By Monday, all of the at least seven justices who have ruled so far have accepted Justice Department arguments that Congress had provided a broad “catch-all” provision for obstruction after the revelation of a Massive corporate fraud in the early 2000s wiped out hundreds of billions of dollars in shareholder value, triggered by the collapse of Enron and the revelation that its external auditor, accounting giant Arthur Andersen, systematically destroyed documents potentially incriminating.
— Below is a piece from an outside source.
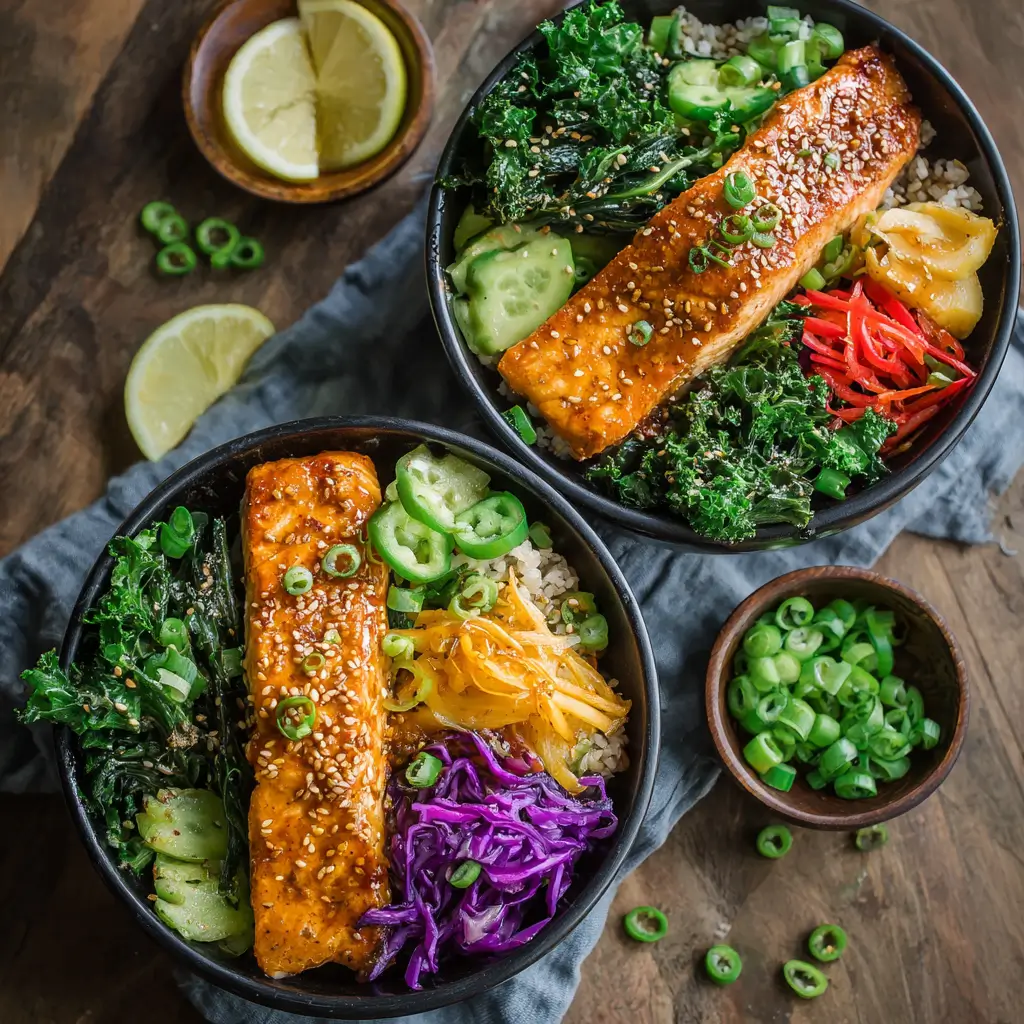 Honey Sriracha Glazed Salmon Bowls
Congress’ interest in passing such blanket clauses is to cover “issues that are not specifically contemplated” because lawmakers “don’t know what inventive criminal minds” might come up with in the future, the assistant U.S. attorney said. Jeffrey S. Nestler during the hearing on Wednesday.

But some legal scholars have long debated whether the expansion applies only to financial fraud or traditional crimes of obstruction of justice such as destruction of documents.

In 2015, the Supreme Court rejected a sweeping reading of a related law, overturning the conviction of a Florida fisherman who destroyed a red grouper under 20 inches to embarrass US wildlife inspectors. The court ruled that when Congress prohibited the destruction of any “tangible object,” that meant documentary evidence, not fish—a case cited by Nichols.

“Congress faced a very specific loophole: The criminal laws then in effect prohibited provoking or inciting another person to destroy documents, but did not prohibit doing it yourself,” Nichols said. , referring to the actions of Arthur Anderson. . By passing this part of the law, Congress has come full circle, but “nothing in legislative history suggests a broader goal than that.”

Nichols said prosecutors never charged Miller with falsifying records and dismissed the obstruction charge without prejudice, meaning the government could charge him if more evidence emerges.